Unnamed: 0,local-authority-code_A,local-authority-code_B,distance,match,position
0,ABC,MEA,5.59,64.7,2.0
1,ABC,ANN,5.58,64.7,1.0
2,ABC,RCC,7.91,50.0,3.0
3,ABC,HIG,8.05,49.1,4.0
4,ABC,DRS,8.47,46.4,5.0


In [4]:
# create composite labels

files = [
    pd.read_csv(y / "la_labels.csv")
    .set_index("local-authority-code")
    .rename(columns={"label": x})
    for x, y in packages.items()
]

df = reduce(pd.DataFrame.join, files)

df["emissions"] = "Emissions: " + df["emissions"]


def f(x):
    return "; ".join(x)


ndf = df.apply(f, axis="columns").to_frame().rename(columns={0: "label"}).reset_index()
ndf.to_csv(Path("data", "packages", "composite_distance", "la_labels.csv"), index=False)
ndf.head()

Unnamed: 0,local-authority-code,label
0,ABC,Northern Ireland; Emissions: Industry/Commeric...
1,ABD,Scotland; Emissions: Agriculture; 5th IMD quin...
2,ABE,Scotland; Emissions: Public sector; 4th IMD qu...
3,ADU,South East; Emissions: Urban Mainstream; 4th I...
4,AGB,Scotland; Emissions: Agriculture; 4th IMD quin...


In [5]:
files = {x: pd.read_csv(y / "label_desc.csv") for x, y in packages.items()}

files["emissions"]["label"] = "Emissions: " + files["emissions"]["label"]

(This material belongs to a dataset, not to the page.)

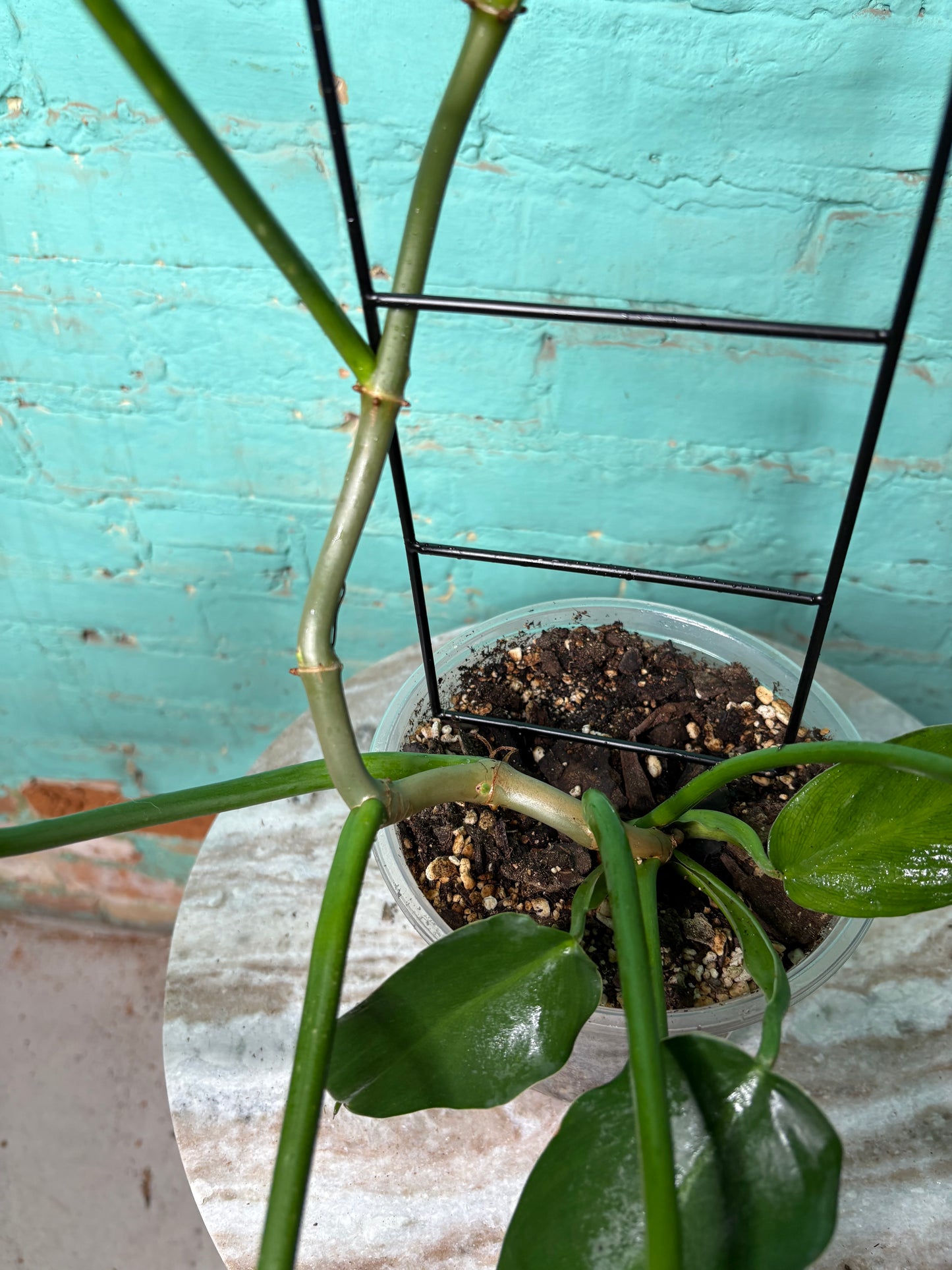 Philodendron Jerry Thorne 6”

files["geographic"]["desc"] = None

labels = [x["label"].tolist() for x in files.values()]
descriptions = [x["desc"].tolist() for x in files.values()]

labels = pd.Series(product(*labels)).apply(lambda x: "; ".join(x))


def process_description(descriptions: List[str]) -> str:
    value = "; ".join([x for x in descriptions if x])
    value = value.replace("Councils ", "")
    return value


descriptions = pd.Series(product(*descriptions)).apply(process_description)

df = pd.DataFrame({"label": labels, "desc": descriptions})
df.to_csv(Path("data", "packages", "composite_distance", "label_desc.csv"), index=False)
df.head()

Unnamed: 0,label,desc
0,Northern Ireland; Emissions: Urban Mainstream;...,Below average for all emissions scores; in mos...
1,Northern Ireland; Emissions: Urban Mainstream;...,Below average for all emissions scores; in mos...
2,Northern Ireland; Emissions: Urban Mainstream;...,Below average for all emissions scores; in mos...
3,Northern Ireland; Emissions: Urban Mainstream;...,Below average for all emissions scores; in mos...
4,Northern Ireland; Emissions: Urban Mainstream;...,Below average for all emissions scores; in sec...